THE TASK >>
In the records below, begin at the line that has "Il Montelletto Bed" and stop after the line that has "KISS Products Falscara"; quote those lines verbatim and nothing more.
----------
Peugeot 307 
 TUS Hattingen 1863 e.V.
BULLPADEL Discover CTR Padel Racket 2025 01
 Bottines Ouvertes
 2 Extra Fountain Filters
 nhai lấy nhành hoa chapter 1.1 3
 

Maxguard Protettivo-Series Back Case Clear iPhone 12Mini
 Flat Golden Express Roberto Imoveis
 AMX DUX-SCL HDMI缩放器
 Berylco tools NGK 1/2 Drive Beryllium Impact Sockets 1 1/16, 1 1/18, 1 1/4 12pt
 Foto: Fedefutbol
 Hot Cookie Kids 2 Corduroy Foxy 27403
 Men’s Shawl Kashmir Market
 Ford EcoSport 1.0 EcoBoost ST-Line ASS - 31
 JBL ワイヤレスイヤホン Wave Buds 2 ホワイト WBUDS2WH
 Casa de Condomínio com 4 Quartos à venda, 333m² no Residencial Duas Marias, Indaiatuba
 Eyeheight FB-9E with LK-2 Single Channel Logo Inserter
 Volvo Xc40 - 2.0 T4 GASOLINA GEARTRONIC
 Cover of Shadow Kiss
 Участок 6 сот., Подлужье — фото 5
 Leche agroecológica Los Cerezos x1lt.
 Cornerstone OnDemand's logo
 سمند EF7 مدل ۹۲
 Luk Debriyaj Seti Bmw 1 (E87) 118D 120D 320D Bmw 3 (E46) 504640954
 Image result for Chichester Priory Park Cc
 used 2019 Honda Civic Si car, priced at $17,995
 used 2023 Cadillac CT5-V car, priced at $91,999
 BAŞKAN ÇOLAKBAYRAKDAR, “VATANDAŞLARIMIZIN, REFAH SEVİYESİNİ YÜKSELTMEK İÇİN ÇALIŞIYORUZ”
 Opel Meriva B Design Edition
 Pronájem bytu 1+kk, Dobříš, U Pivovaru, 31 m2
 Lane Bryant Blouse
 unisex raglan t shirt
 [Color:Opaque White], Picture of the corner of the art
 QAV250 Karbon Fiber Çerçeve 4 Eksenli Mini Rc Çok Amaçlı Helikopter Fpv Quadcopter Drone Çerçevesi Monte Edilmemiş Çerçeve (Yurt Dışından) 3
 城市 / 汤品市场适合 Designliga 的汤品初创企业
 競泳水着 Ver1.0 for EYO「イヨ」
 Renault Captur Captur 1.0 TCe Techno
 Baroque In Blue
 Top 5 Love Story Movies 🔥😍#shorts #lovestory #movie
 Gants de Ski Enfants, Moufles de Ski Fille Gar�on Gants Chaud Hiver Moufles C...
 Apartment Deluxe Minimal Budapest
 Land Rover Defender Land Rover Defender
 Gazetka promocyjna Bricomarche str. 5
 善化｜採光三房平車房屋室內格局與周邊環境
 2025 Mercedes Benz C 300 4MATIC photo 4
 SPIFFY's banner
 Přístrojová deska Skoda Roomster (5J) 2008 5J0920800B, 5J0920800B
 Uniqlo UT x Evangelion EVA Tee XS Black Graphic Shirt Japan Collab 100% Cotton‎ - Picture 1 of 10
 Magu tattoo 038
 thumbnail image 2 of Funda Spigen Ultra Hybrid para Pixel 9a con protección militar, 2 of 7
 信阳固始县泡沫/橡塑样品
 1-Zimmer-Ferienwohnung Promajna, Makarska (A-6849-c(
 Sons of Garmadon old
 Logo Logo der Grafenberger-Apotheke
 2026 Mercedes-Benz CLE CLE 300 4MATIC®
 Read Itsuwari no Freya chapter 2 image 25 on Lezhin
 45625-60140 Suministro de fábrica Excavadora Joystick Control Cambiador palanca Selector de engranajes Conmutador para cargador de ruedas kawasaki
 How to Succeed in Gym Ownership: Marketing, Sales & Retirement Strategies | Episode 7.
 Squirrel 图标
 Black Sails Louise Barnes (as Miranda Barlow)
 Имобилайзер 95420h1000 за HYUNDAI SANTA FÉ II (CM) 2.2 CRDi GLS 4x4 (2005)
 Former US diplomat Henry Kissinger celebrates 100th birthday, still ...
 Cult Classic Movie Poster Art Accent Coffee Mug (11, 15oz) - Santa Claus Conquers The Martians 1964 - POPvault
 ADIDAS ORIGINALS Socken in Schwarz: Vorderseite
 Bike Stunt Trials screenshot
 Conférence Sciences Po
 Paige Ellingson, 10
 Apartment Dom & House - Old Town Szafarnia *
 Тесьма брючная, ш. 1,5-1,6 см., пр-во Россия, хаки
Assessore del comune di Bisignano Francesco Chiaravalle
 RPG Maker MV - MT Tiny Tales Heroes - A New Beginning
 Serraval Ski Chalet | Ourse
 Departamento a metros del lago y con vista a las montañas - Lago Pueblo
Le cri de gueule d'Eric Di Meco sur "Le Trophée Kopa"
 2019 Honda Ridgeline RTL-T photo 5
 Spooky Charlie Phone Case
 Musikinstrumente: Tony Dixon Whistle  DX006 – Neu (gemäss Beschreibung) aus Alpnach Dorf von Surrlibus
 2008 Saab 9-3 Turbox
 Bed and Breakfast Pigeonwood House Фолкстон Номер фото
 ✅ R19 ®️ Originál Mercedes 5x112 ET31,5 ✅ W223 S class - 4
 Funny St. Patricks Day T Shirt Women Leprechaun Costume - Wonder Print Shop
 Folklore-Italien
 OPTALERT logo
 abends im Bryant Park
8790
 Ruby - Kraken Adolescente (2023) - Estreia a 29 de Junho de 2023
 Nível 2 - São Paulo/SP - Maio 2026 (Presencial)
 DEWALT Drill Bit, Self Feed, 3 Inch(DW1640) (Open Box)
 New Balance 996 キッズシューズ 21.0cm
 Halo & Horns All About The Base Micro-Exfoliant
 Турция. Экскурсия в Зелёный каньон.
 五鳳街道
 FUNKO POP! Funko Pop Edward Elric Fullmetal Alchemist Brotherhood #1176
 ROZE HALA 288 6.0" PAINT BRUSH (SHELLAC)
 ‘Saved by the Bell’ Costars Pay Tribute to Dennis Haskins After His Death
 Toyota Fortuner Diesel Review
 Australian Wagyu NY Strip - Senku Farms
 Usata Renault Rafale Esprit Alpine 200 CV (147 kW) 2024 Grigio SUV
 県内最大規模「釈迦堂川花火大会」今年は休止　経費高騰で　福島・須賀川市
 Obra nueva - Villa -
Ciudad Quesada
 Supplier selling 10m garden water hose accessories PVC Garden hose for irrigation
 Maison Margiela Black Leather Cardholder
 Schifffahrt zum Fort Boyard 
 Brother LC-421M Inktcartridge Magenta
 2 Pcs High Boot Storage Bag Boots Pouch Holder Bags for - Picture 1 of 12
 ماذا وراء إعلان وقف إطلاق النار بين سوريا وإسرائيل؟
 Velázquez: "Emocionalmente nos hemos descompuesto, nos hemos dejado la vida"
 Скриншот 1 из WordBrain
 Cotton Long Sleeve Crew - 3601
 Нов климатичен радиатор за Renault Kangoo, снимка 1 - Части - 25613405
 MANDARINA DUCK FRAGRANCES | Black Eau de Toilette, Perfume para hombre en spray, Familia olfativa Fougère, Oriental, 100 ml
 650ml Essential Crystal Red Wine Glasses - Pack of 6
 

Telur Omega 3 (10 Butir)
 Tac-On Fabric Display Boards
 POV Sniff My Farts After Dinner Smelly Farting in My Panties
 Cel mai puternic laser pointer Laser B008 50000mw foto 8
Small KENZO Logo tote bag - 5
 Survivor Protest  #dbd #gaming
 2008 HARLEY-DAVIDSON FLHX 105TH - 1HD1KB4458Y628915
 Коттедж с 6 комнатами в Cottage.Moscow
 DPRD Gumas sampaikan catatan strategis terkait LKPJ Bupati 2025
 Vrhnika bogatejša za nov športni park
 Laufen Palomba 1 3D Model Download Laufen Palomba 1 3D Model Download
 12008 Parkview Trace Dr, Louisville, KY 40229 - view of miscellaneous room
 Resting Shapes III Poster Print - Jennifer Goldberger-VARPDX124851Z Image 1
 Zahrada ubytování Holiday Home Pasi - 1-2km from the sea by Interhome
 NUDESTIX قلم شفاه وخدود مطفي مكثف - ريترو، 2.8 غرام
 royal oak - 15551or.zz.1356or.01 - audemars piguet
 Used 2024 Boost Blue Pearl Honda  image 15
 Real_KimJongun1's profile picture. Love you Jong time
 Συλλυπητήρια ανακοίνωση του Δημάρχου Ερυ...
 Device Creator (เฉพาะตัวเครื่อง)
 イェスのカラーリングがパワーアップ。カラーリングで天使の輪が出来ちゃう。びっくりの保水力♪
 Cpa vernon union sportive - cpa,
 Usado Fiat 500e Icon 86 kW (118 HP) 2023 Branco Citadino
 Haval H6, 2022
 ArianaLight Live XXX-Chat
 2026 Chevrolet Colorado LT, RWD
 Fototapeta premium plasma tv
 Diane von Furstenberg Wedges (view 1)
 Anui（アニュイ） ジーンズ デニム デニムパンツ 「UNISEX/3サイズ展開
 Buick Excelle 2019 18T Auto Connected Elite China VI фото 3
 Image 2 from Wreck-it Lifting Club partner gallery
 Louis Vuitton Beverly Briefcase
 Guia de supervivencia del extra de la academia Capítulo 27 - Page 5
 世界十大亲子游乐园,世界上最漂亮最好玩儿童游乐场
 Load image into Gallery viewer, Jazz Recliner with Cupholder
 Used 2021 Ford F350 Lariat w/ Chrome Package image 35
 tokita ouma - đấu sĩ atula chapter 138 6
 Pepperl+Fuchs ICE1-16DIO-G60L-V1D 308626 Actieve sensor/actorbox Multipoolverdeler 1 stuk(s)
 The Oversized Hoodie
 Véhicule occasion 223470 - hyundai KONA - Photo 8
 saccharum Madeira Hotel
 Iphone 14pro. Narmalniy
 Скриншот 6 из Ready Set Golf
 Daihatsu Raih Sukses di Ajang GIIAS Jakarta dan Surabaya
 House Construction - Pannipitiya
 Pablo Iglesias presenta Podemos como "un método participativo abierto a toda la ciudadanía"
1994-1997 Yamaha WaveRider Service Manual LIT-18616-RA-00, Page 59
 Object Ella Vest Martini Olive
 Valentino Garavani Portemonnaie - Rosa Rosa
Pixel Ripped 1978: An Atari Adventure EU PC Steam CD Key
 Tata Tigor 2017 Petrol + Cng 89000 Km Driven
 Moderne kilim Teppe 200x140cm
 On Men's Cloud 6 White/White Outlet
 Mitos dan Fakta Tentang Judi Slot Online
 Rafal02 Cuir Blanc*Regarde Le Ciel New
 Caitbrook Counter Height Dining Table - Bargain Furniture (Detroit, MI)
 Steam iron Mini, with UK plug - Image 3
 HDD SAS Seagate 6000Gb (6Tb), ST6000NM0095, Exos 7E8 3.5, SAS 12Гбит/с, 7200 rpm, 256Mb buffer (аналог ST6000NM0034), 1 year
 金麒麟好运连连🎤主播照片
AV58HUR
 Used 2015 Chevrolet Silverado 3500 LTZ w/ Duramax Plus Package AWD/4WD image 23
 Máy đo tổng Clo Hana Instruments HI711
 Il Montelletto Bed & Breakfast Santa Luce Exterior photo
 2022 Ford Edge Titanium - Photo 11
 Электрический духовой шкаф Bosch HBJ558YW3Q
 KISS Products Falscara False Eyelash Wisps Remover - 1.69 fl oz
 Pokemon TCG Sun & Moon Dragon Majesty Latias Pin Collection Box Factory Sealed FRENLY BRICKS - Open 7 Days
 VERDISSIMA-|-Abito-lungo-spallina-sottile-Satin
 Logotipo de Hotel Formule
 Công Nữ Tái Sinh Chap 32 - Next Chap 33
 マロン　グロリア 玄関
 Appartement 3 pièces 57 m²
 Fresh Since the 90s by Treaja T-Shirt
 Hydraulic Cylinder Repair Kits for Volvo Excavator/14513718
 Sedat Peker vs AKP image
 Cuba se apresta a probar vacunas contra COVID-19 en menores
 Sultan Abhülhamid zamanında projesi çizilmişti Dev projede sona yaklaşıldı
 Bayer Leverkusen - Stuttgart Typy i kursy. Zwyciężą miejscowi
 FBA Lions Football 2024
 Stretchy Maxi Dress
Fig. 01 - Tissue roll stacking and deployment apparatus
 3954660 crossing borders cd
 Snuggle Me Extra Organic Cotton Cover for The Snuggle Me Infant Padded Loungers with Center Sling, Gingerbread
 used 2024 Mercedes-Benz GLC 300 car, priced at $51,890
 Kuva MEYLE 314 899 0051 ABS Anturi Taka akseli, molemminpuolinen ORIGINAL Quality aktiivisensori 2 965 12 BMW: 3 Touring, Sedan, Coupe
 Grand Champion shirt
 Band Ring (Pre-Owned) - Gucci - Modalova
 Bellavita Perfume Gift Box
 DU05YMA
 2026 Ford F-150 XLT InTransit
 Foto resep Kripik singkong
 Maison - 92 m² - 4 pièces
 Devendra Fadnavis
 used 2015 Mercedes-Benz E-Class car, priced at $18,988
----------
YOUR RESPONSE >>
 Il Montelletto Bed & Breakfast Santa Luce Exterior photo
 2022 Ford Edge Titanium - Photo 11
 Электрический духовой шкаф Bosch HBJ558YW3Q
 KISS Products Falscara False Eyelash Wisps Remover - 1.69 fl oz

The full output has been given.